Também não explicamos ao futuro professor de matemática o que significa realmente a expressão decimal de um número: porque é que 0,99999999999999... é o mesmo que 1? Não ensinamos essas coisas porque supõe-se que elas são simples e o estudante já aprendeu no ensino médio –as duas suposições estão erradas– e que na faculdade deve aprender coisas avançadas.
Deve-se aprender latim, para ensinar francês.
Mais de cem anos atrás, o grande matemático e educador alemão Felix Klein (1849-1925), outro que colocava as mãos na massa, já criticava o fato de que "por muito tempo [] os homens da universidade preocuparam-se exclusivamente com as suas ciências, sem considerarem as necessidades das escolas, nem mesmo se preocupando em estabelecer uma conexão com a matemática escolar".
O resultado é o que Klein chamou "dupla descontinuidade na formação do professor": ao chegar à universidade, o futuro professor é confrontado com ensinamentos avançados sem conexão aparente com os temas da escola básica; e, ao final dos estudos, quando volta à escola como professor, vê-se na posição de ter que ensinar a matemática elementar tradicional, do mesmo modo de sempre.
Nas palavras de Klein "seus estudos universitários permaneciam apenas uma lembrança mais ou menos agradável, que não tinha nenhuma influência sobre o seu ensinar". Embora Klein escrevesse no pretérito, pensando na Alemanha, no Brasil tal situação perdurou até o século 21.
Mudanças começaram a acontecer a partir do Projeto Klein em Matemática, realizado entre 2008 e 2012 pelas sociedades científicas da área, com o apoio da Capes.
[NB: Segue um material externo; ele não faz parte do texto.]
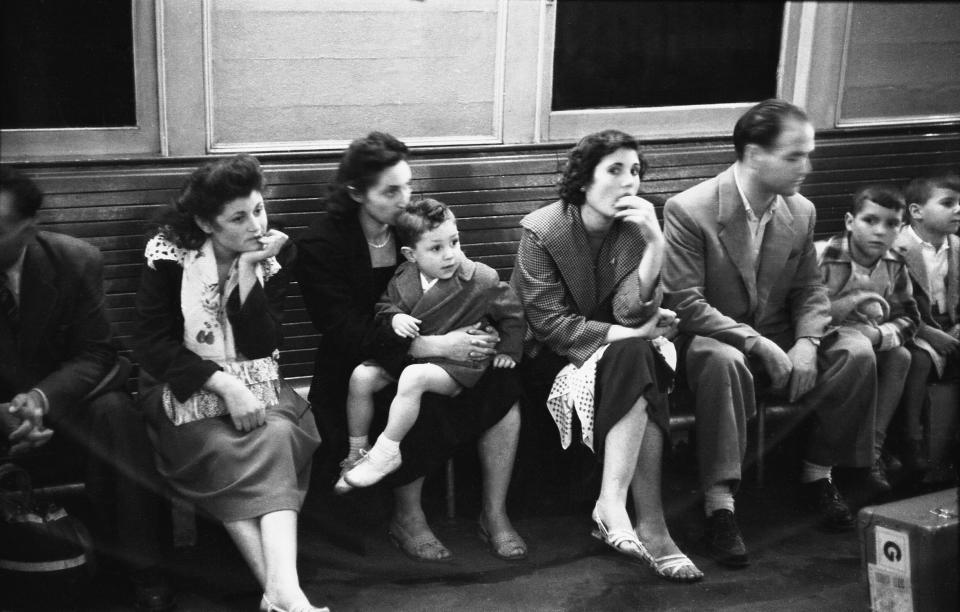 People waiting to disembark at the Ellis Island Immigration Station in New York, N.Y., in October of 1950. The Greco family is at right.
O Mestrado Profissional para Professores de Matemática (Profmat) nasceu em 2011, sob a influência das ideias de Klein, Wu e outros. Não é surpresa que o mestrado tenha sido "acusado" por alguns educadores de valorizar demais o conteúdo matemático, e por alguns matemáticos de omitir tópicos avançados ensinados em muitas licenciaturas.
A coleção de livros "Matemática para o Ensino" e a revista eletrônica "Professor de Matemática On-line", ambas da Sociedade Brasileira de Matemática (SBM), são também produtos diretos do Projeto Klein.
Outra importante iniciativa em curso, com o apoio do Impa, é o Projeto Livro Aberto de Matemática, um esforço de professores –universitários e da escola básica– para produzir, de maneira colaborativa, livros didáticos de matemática com excelência acadêmica e licença aberta. Confira no site como colaborar.
Muito mais é necessário, evidentemente. Não tenho dúvida de que a "saída" passa pelo envolvimento cada vez maior da comunidade matemática universitária nas questões do ensino da disciplina, em colaboração com a comunidade de professores da escola básica e levando em conta os mais recentes avanços na pesquisa na área do ensino da matemática.
Nesse sentido, é urgente repensar as nossas licenciaturas em matemática. Existe um ótimo ponto de partida: o estudo de diretrizes curriculares que a SBM vem aprimorando há alguns anos.